▶ [PROBLEM TO SOLVE] Could you output every record below exactly, leaving out the pictures?

▶ [DATA IN THIS EXERCISE]

-- Opening Marker --

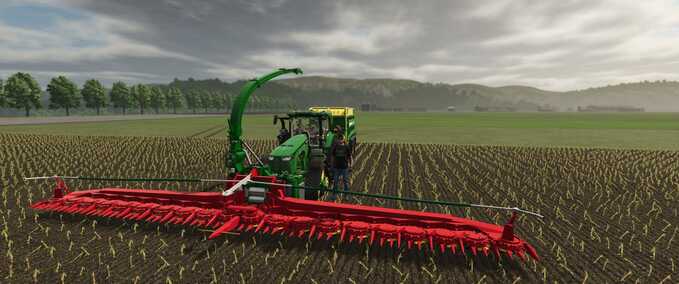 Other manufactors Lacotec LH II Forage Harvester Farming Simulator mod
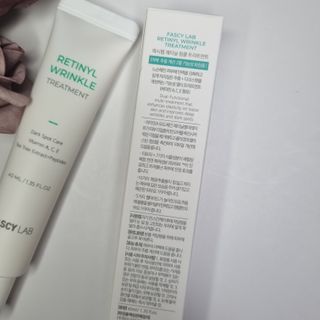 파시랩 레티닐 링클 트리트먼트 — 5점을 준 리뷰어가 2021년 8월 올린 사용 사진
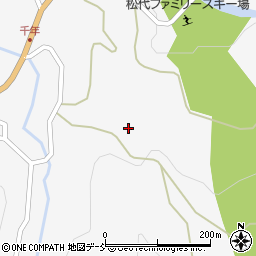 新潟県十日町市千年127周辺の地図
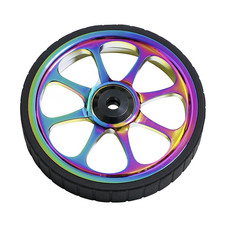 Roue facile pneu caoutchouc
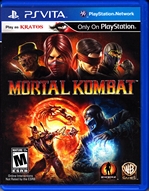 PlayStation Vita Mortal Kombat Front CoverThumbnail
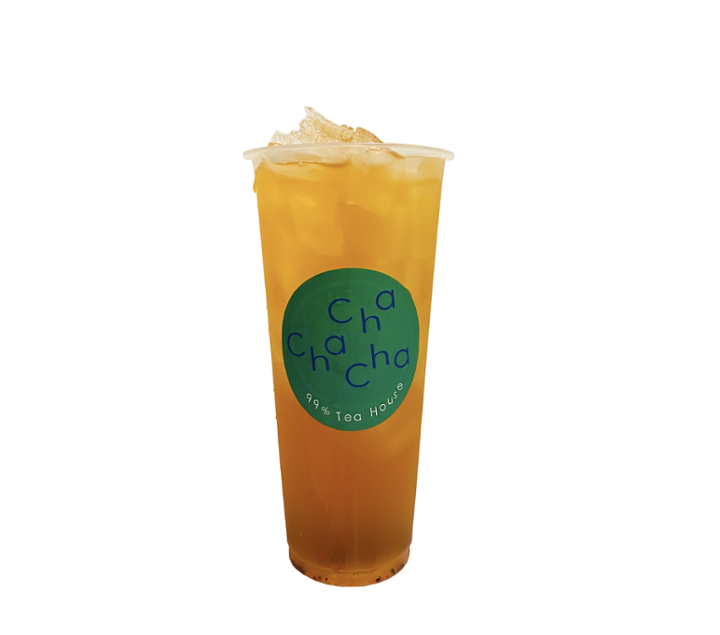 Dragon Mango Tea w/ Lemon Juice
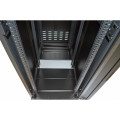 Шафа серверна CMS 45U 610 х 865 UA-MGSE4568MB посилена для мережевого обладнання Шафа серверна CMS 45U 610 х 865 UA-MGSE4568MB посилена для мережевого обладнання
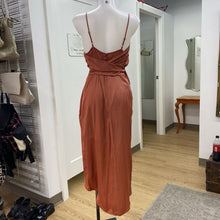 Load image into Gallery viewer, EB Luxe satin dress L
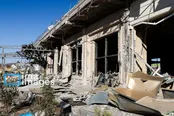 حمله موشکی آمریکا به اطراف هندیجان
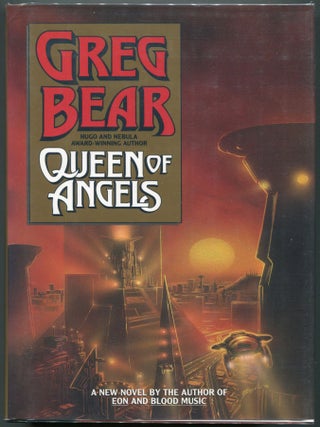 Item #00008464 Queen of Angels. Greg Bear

-- Closing Marker --

▶ [WRITTEN REPLY]
 Other manufactors Lacotec LH II Forage Harvester Farming Simulator mod
 파시랩 레티닐 링클 트리트먼트 — 5점을 준 리뷰어가 2021년 8월 올린 사용 사진
 新潟県十日町市千年127周辺の地図
 Roue facile pneu caoutchouc
 PlayStation Vita Mortal Kombat Front CoverThumbnail
 Dragon Mango Tea w/ Lemon Juice
 Шафа серверна CMS 45U 610 х 865 UA-MGSE4568MB посилена для мережевого обладнання Шафа серверна CMS 45U 610 х 865 UA-MGSE4568MB посилена для мережевого обладнання
 Load image into Gallery viewer, EB Luxe satin dress L
 حمله موشکی آمریکا به اطراف هندیجان
 Item #00008464 Queen of Angels. Greg Bear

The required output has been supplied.